I’m very proud to be involved in Transplant Centre initiative run in collaboration with Toronto General Hospital's Multi Organ Transplant Program, St. Michael’s Hospital, and the Trillium Gift of Life Network (TGLN) called the High School Outreach Initiative. Members of the healthcare team give presentations at high schools in the GTA with the transplant recipients/advocates to talk about the importance of transplantation and organ donation. This initiative started in 2011 and between 2011 and 2017 we have given 363 presentations, reaching 15,176 students. Our hope is that these students talk to their friends and family about what they learn so that the impact can be far reaching with the result of an increase in the number of people who register their consent to be organ donors. Feedback from schools and students has been very positive and providing students with real life examples that help them see firsthand how organ donation can save and transform a child or adolescent’s life makes the issue real for these students.
I am also part of an incredible group of volunteers that has founded Camp Kivita, an independent charity since 2013, which provides a one week summer camp experience for children living with end-stage organ failure or those who have received a transplant. Since our inception eight years ago, Camp Kivita has provided 65 children, ages 7-18 years of age, the opportunity to participate in traditional summer camp experience. When you see children and teens kayaking, swimming, climbing rock walls, participating in talent shows and most importantly making new friends and forming deep bonds it’s hard not to be in awe of the difference organ donation has made in their lives. Part of our mandate is to promote organ donation and transplantation, and through Camp Kivita, we demonstrate that these kids can live wonderful, high-quality lives and that organ donation works!

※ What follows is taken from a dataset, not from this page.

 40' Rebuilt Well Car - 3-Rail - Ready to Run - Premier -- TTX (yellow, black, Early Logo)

In my personal life, I try to be an advocate for registering consent to be an organ donor by sharing my experiences of caring for children and families who are waiting for organs, as well as celebrating those who received the gift of life and now have the opportunity to move forward with their lives and fulfill their hopes and dreams. These conversations are often a good opportunity to educate people and to clarify any misinformation about organ donation.

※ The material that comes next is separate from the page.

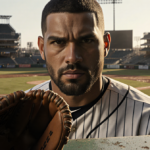 Kemp staring intently with a discarded vintage glove and warm golden light on a gritty baseball field.
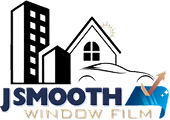 Logo for J Smooth Window Film featuring a car, a house, and a tall building with a sun in the background and an upward arrow over a blue-tinted film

What would you like people to take away from National Organ and Tissue Donation Awareness Week?
I always hope that no one ever has a loved one that needs a transplant and that people are never in a position where they are approached about the possibility of donating an organ due to a tragic life circumstance. However, I hear the words, “I never thought this would happen to me,” on a daily basis. Recognizing the inherent uncertainty of life, what I would like people to take away from Nation Organ & Tissue Donation Awareness week is the importance of educating oneself and taking the time to speak with your family about your wishes. While organ donation can be a difficult conversation, transplantation is transformative for these kids and their families and for that reason I strongly recommend that you register your consent at beadonor.ca.
The Trillium Gift of Life Network (TGLN) is a not-for-profit agency with the Government of Ontario that assists in the coordination of organ and tissue donations and oversees the process of matching organs with patients. TGLN also has public education programs and resources, which can be found on their website. Their green awareness ribbon is always a good conversation starter and during a time like National Organ and Tissue Donation Awareness Week, it is a great opportunity to bring up the topic in an informal way.

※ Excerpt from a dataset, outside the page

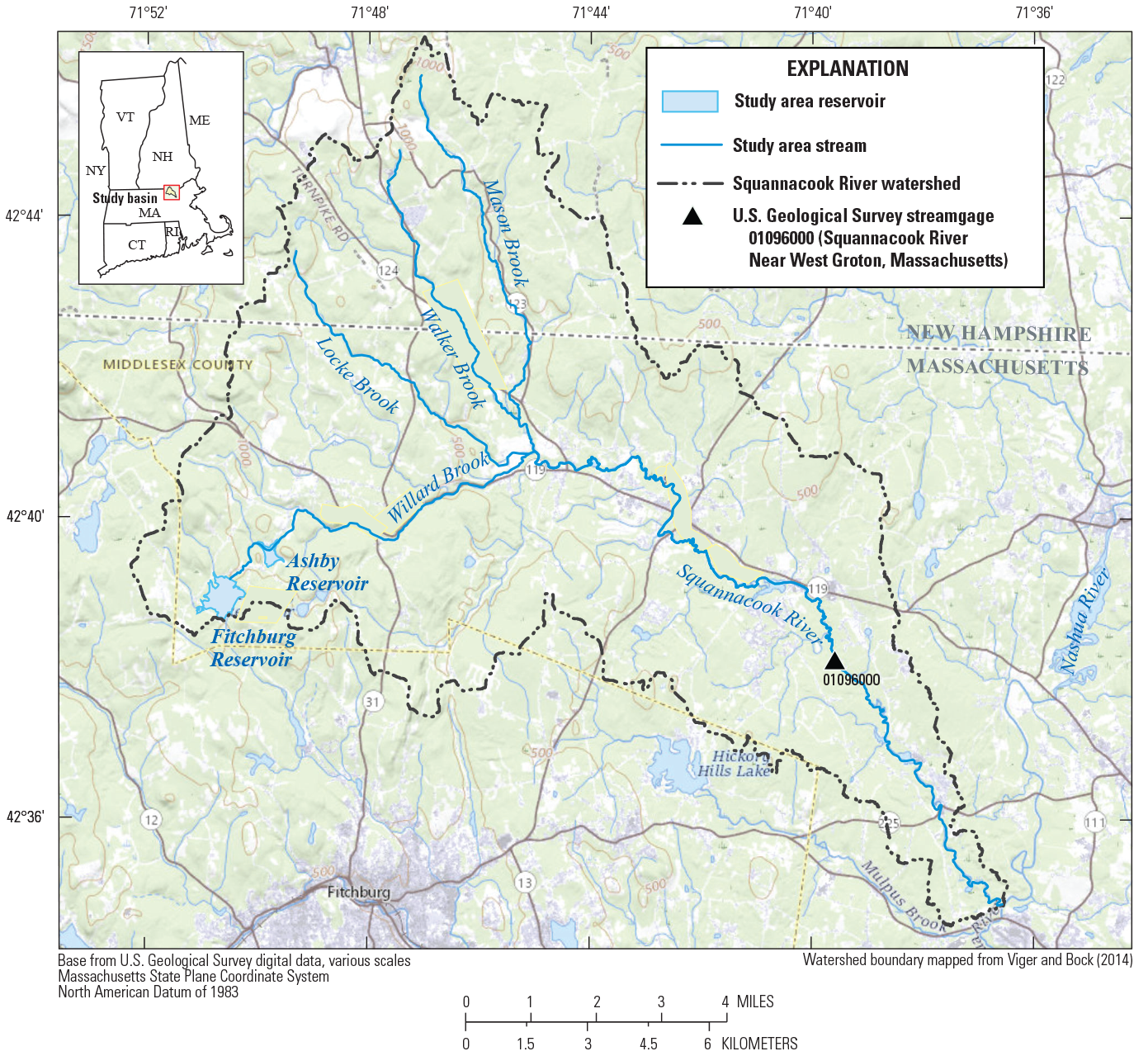 The Squannacook River watershed is mostly in Massachusetts, but the northern part
                        is in New Hampshire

What advice would you give to someone undecided about registering to be an organ donor?
One thing I would have them think about is what decision would you hope someone else would make if you or a loved one was in need of an organ? Organ donation is a gift that lasts a lifetime and one organ donor can save up to eight lives.
To register, check or update your consent for organ and tissue donation, please visit beadonor.ca. By registering, you are ensuring your decision to donate is recorded by the Ministry of Health and Long-Term Care and is accessible even when your donor card is not readily available.